═════ DATA

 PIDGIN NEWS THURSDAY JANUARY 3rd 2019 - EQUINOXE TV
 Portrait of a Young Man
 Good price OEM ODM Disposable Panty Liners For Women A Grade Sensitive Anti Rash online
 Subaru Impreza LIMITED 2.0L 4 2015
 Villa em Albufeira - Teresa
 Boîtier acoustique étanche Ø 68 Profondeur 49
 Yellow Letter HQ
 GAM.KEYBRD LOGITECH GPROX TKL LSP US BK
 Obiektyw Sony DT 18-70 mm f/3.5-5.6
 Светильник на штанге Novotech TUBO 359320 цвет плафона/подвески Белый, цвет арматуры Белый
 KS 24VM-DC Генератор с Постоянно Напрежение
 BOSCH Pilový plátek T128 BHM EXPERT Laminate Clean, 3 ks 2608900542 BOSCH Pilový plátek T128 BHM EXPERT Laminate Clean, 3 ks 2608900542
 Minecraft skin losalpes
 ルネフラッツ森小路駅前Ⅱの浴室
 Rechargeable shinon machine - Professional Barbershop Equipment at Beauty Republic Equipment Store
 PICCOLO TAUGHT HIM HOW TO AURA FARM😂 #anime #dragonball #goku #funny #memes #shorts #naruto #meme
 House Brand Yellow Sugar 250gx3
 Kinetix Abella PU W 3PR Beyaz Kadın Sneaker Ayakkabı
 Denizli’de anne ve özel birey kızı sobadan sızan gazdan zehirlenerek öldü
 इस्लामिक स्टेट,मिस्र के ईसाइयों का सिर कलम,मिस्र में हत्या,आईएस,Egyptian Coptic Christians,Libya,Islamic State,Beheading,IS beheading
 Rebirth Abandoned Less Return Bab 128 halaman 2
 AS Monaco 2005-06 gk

══════════

• EXERCISE
Exactly one number is the answer: how many lines in the data include the word "Yellow".

• EXERCISE RESPONSE
2